Below are records with pictures. Transcribe exactly, and only, the lines from the line with "Building Photo - Bright" to the line with "16 Lady Evelyn", both ends included, but not the pictures.

**Records supplied**

◇ ◇ ◇ ◇ ◇

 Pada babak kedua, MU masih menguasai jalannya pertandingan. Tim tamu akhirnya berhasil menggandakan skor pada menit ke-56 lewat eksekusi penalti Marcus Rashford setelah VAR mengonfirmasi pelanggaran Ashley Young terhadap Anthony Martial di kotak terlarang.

◇ ◇ ◇ ◇ ◇

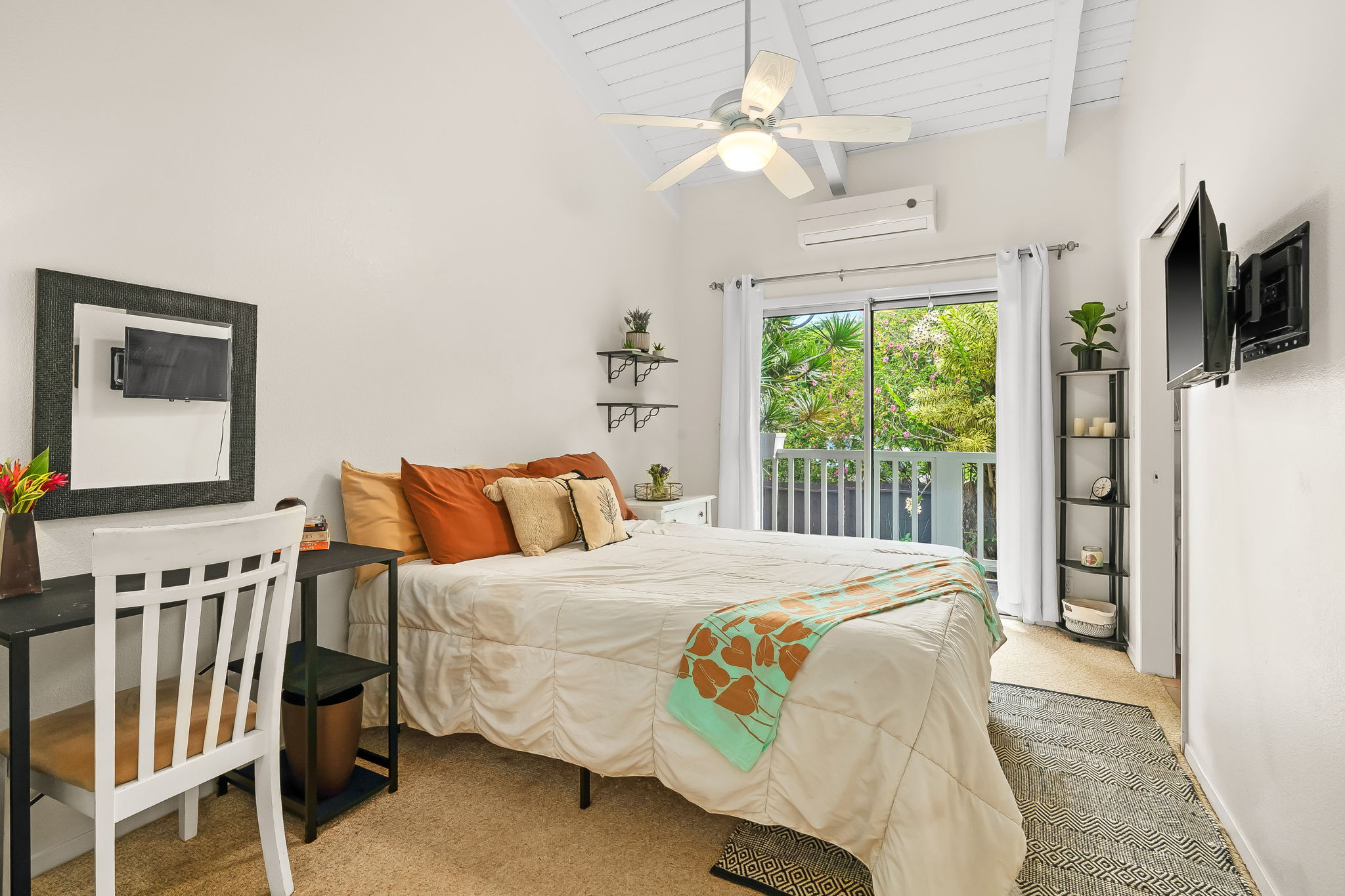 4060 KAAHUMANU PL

◇ ◇ ◇ ◇ ◇

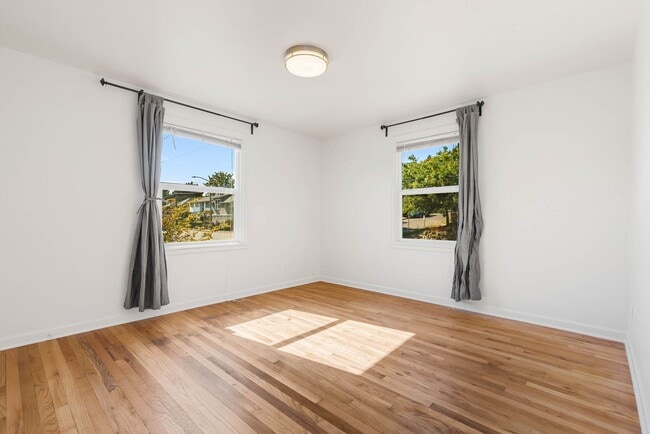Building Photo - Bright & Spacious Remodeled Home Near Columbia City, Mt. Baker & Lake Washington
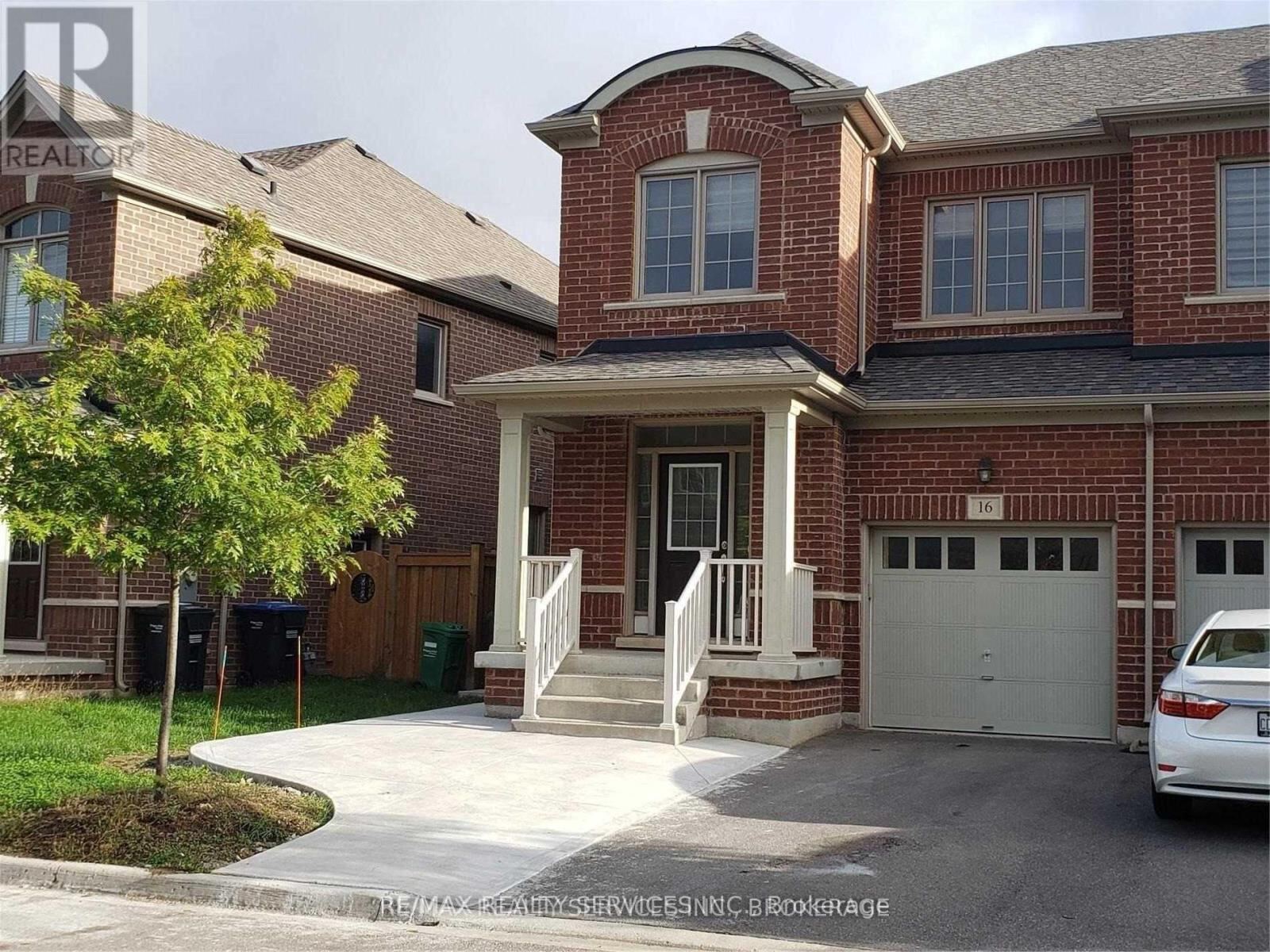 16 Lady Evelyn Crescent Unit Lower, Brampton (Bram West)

◇ ◇ ◇ ◇ ◇

**Answer space**
Building Photo - Bright & Spacious Remodeled Home Near Columbia City, Mt. Baker & Lake Washington
 16 Lady Evelyn Crescent Unit Lower, Brampton (Bram West)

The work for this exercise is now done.